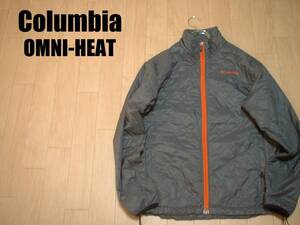 Columbiaブルメンフィールズ ジャケットLグレー正規PM5387コロンビアOMNI-HEATオムニヒート中綿パフキルティングブルゾン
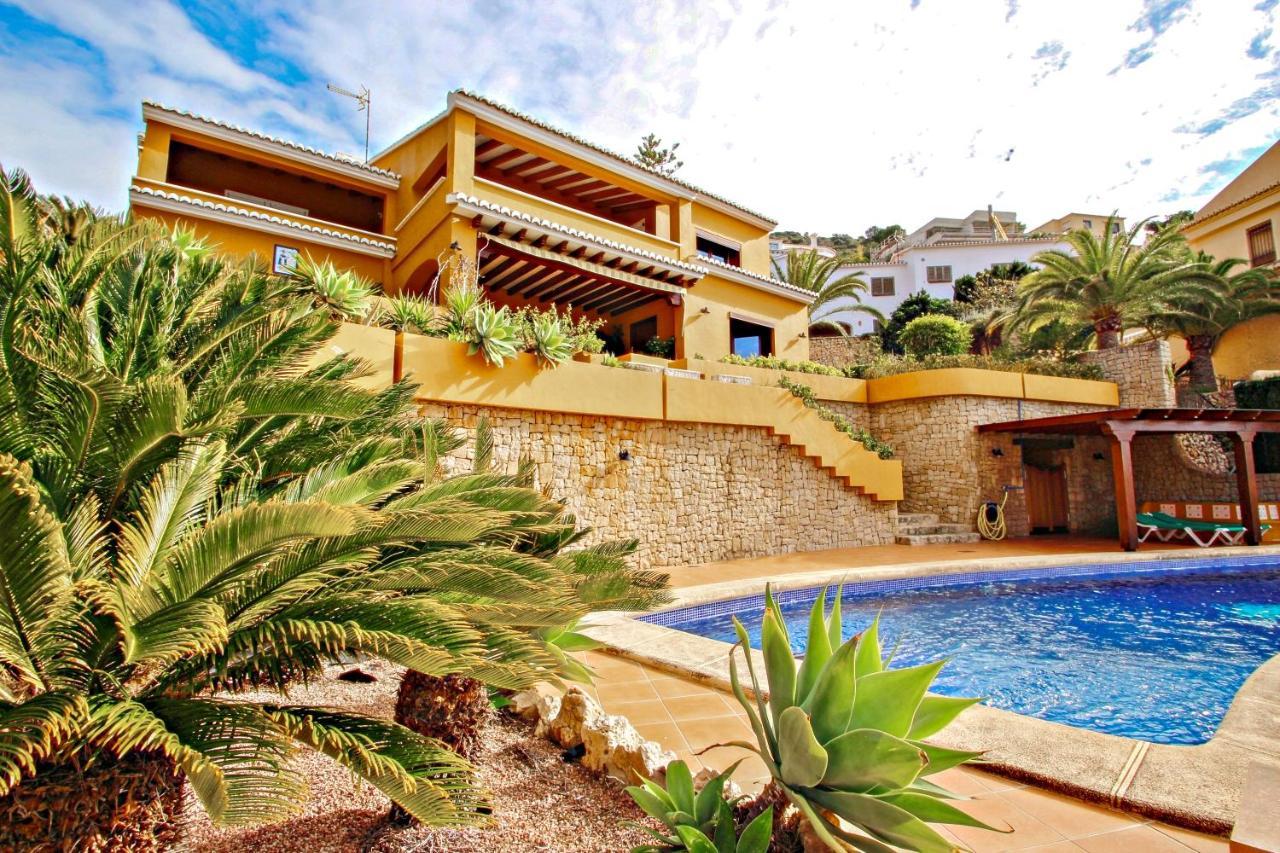 El Portet - Beachfront Holiday Home With Private Pool In Moraira Extérieur photo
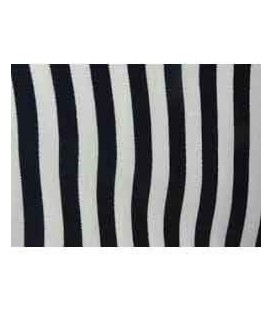 Black and White Stripe Fabric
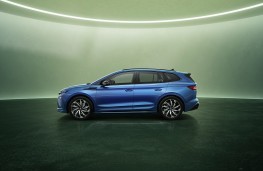 Skoda Enyaq SUV, 2025, side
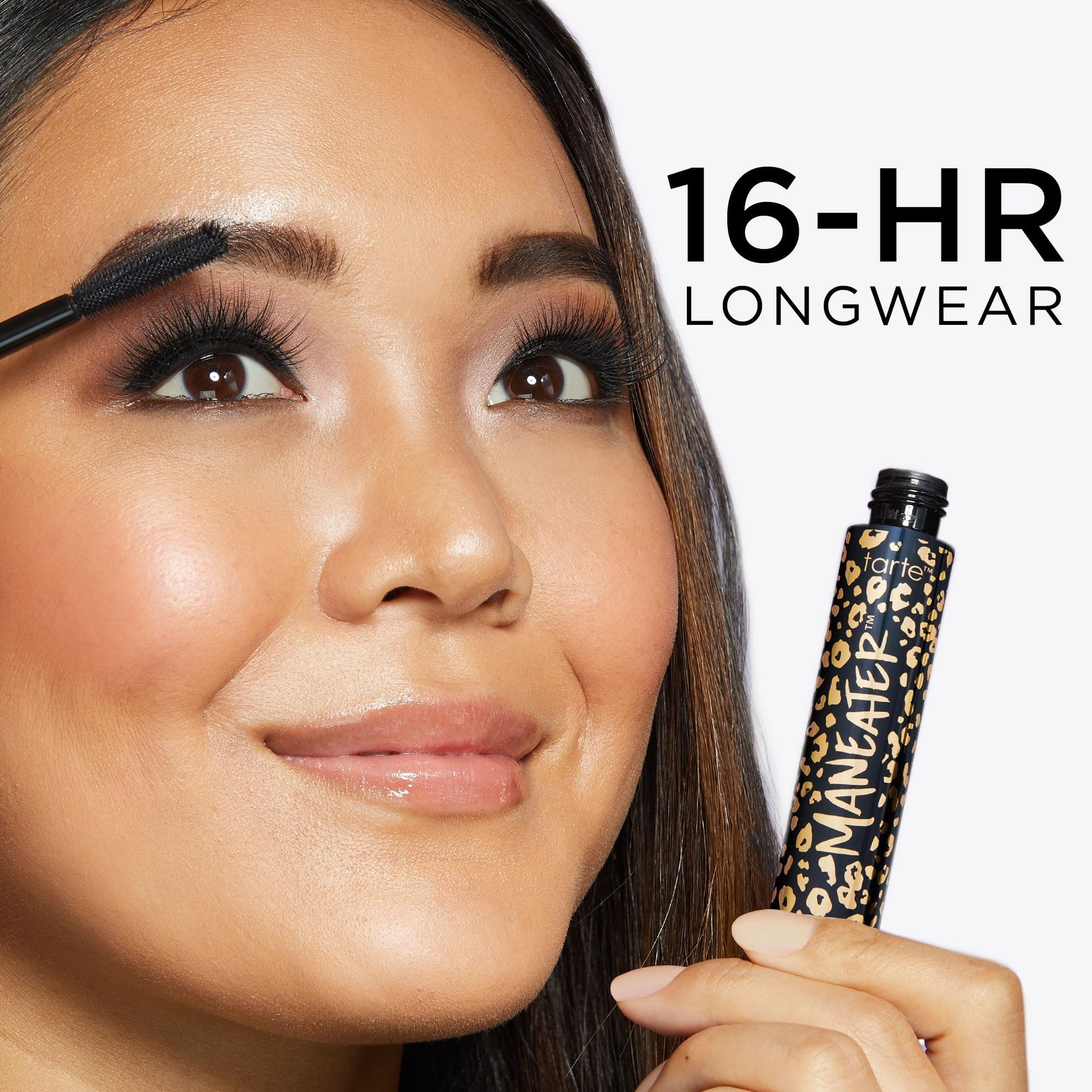 Authentic USA imported Tarte eye makeup packaging side details and sizing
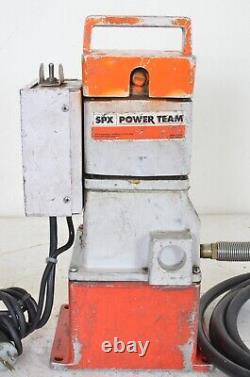 SPX Power Team Electric Hydraulic Pump Pump-Elec PE183A Model D Single Acting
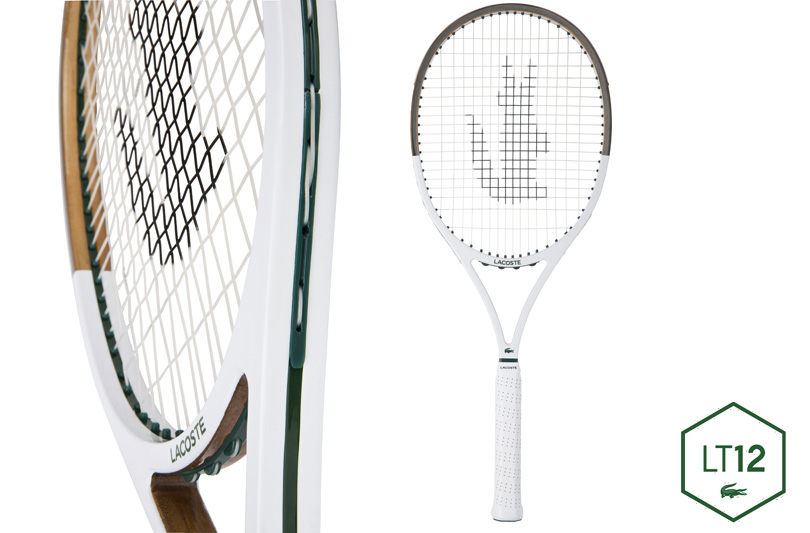 Lacoste reinterpreta la tradizionale racchetta da tennis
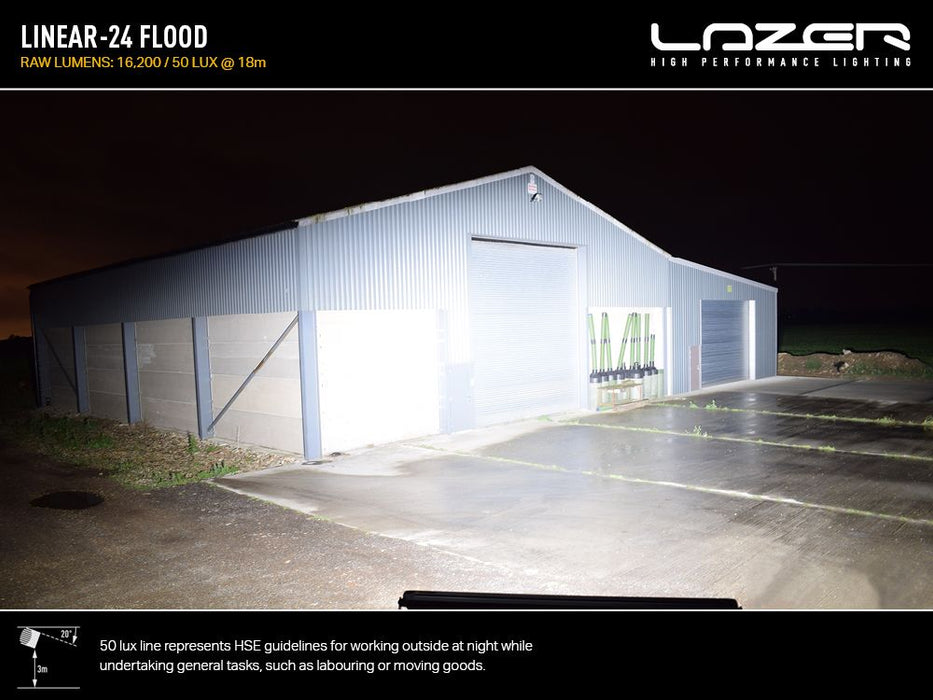 Lazer Lamps Linear‑24 Flood LED Driving Light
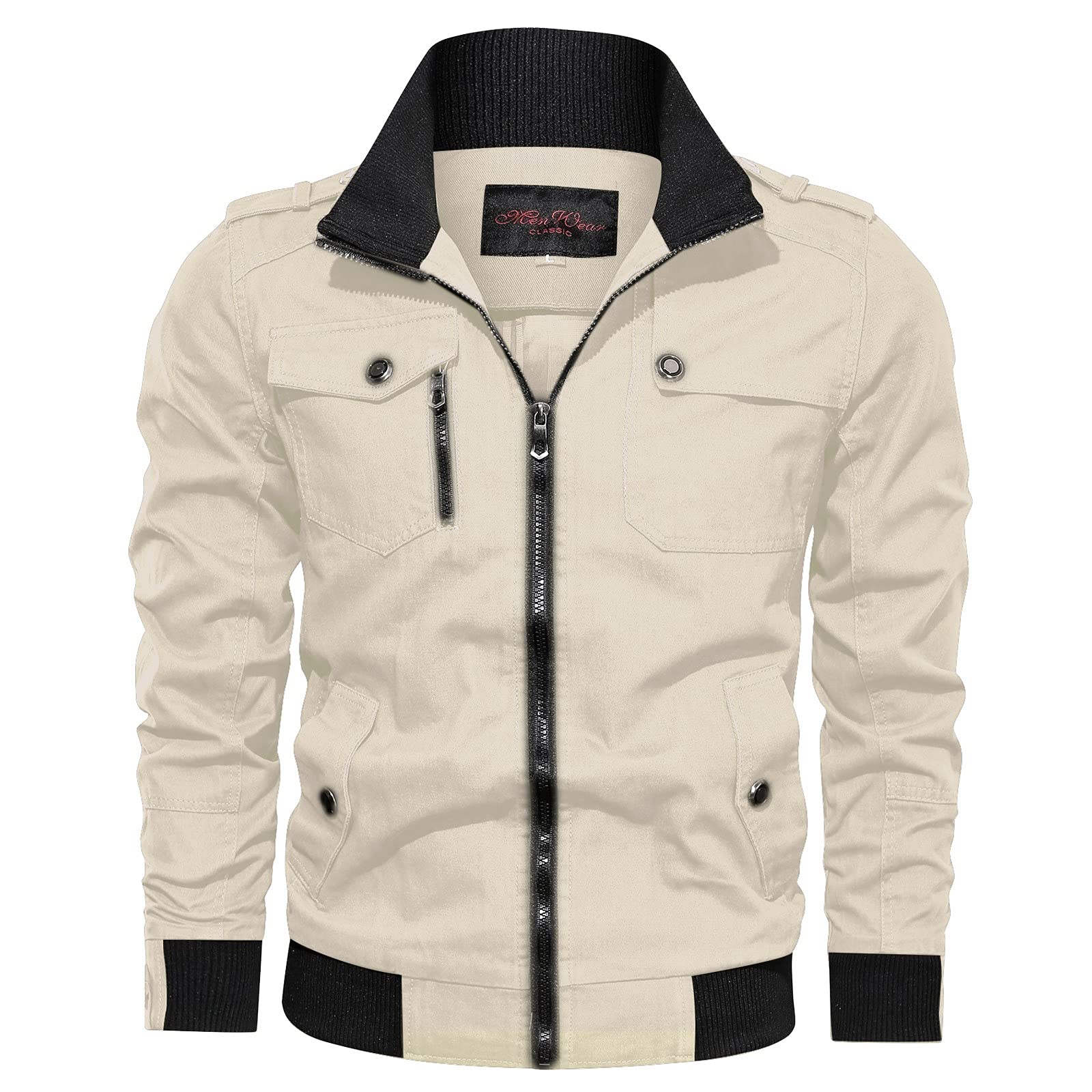 Giubbino Uomo Primavera, Bomber Estivo Uomo, Casual Antivento Bomber Giubbino Classica Primavera Estate Giacchetto Jacket Sportiva con Collo da Baseball Giacchetta a Vento per Uomo Ragazzo Primavera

WHAT YOU NEED TO DO: In transcribing the lines above, omit the images and keep all else exact.

TASK OUTPUT:
 Columbiaブルメンフィールズ ジャケットLグレー正規PM5387コロンビアOMNI-HEATオムニヒート中綿パフキルティングブルゾン
 El Portet - Beachfront Holiday Home With Private Pool In Moraira Extérieur photo
 Black and White Stripe Fabric
 Skoda Enyaq SUV, 2025, side
 Authentic USA imported Tarte eye makeup packaging side details and sizing
 SPX Power Team Electric Hydraulic Pump Pump-Elec PE183A Model D Single Acting
 Lacoste reinterpreta la tradizionale racchetta da tennis
 Lazer Lamps Linear‑24 Flood LED Driving Light
 Giubbino Uomo Primavera, Bomber Estivo Uomo, Casual Antivento Bomber Giubbino Classica Primavera Estate Giacchetto Jacket Sportiva con Collo da Baseball Giacchetta a Vento per Uomo Ragazzo Primavera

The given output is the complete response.